Recent verscheen in de pers het bericht dat bijna de helft van de gebruikers van sociale netwerken als Facebook en Netlog ook tijdens de werkuren op één van beide sites actief is. Naar aanleiding van dit bericht stellen vele werkgevers zich ongetwijfeld de vraag welke hun mogelijkheden zijn om het gebruik van het Internet op het werk te regelen alsook of en in welke mate zij het recht hebben om dit gebruik te controleren.


De regels voor de toegang tot en/of het gebruik van het Internet zijn het prerogatief van de werkgever.
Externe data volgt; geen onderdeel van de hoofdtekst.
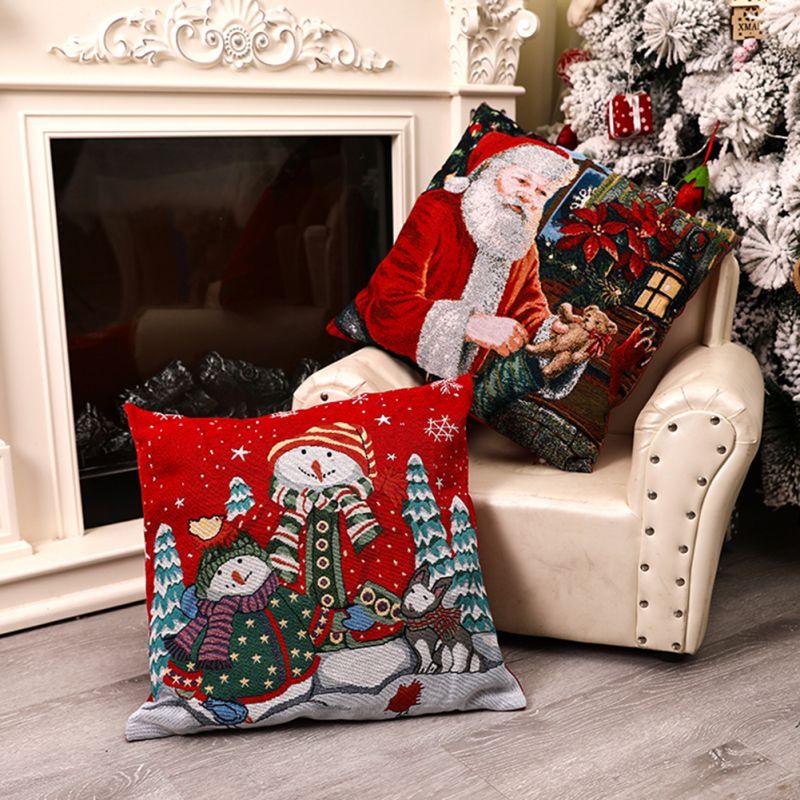 

Christmas Pillow Covers Home Decorative Pillowcase For Couch Sofa Bed Breathable Linen 18x18" Pillow Case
De werkgever heeft m.a.w. het recht om zonder enige consensus of inspraak van de werknemers, eenzijdig richtlijnen en verplichtingen op te leggen aangaande het gebruik van het Internet.

Zo kan de werkgever bijvoorbeeld uitdrukkelijk bepalen dat het Internet enkel tijdens de verplichte middagpauze voor persoonlijke of privé-doeleinden mag worden aangewend.
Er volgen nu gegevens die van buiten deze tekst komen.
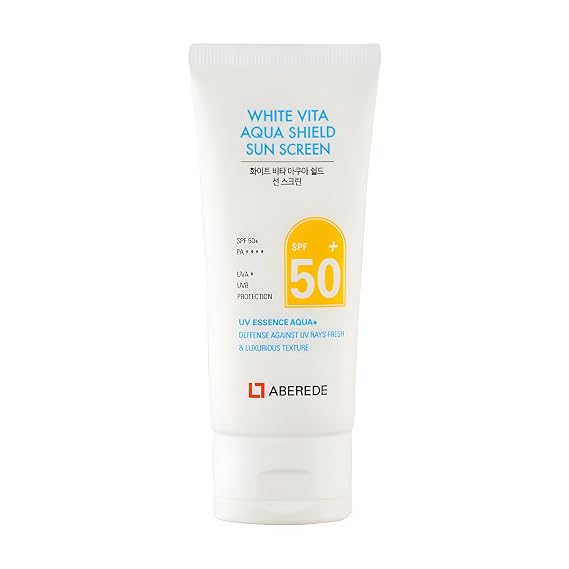 White Vita Aqua Korean Sunscreen SPF50+ PA++++ 1.69 fl oz/50ml, Lightweight No White Cast Essence Sunscream,Hydrating Daily Facial Sunblock with Triple Hyaluronic Acid nongreasy UV Protection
De werkgever kan zich zelfs het recht voorbehouden om de toegang tot Internet-sites waarvan hij van oordeel is dat zij niet kaderen binnen de professionele activiteiten van de onderneming onmogelijk te maken.
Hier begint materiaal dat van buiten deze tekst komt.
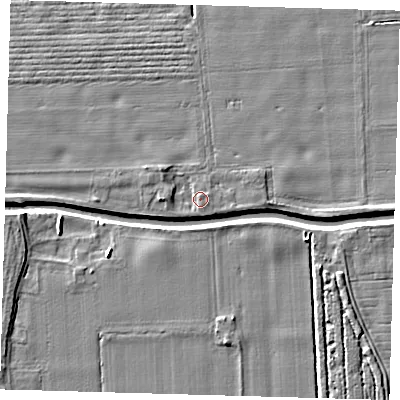 Shaded relief map of the ground around PE227BB, computed from Environment Agency LiDAR. The ground here sits at about 3 m above sea level and falls 6 m across the surrounding 800 m. Surface water reaching this point runs off ground lying to the north-north-west, 1.4 m higher.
Uiteraard is het aangewezen om de richtlijnen en verplichtingen met betrekking tot het gebruik van het Internet schriftelijk vast te leggen, hetgeen bijvoorbeeld kan gebeuren via een door de werknemers ondertekende policy.

Controle van Internet-gebruik

Het controlerecht van de werkgever op het Internet-gebruik op het werk wordt geregeld door de CAO nr. 81 van 26 april 2002. Deze CAO maakt een onderscheid tussen de regels voor de globale controle en de regels voor de individualisering van de gegevens. De globale controle is slechts toegestaan voor zover voldaan wordt aan :

* Het finaliteitsbeginsel: de controle moet gedaan worden om één van de wettelijk voorziene doeleinden na te streven, bijvoorbeeld het te goeder trouw naleven van de in de onderneming geldende beginselen en regels voor het gebruik van on-line-technologieën

* Het proportionaliteitsbeginsel: de eventuele inmenging in de persoonlijke levenssfeer moet tot een minimum beperkt worden;

* Het transparantiebeginsel: de werknemers en hun vertegenwoordigers moeten vooraf ingelicht worden. De werknemers moeten zich m.a.w. bewust kunnen zijn van het feit dat controle op het gebruik van Internet mogelijk is.

Bovendien is de werkgever verplicht om de werknemers te informeren over alle aspecten van de controle, zowel op collectieve wijze als op individuele wijze (bijvoorbeeld aan de hand van een ICT-policy).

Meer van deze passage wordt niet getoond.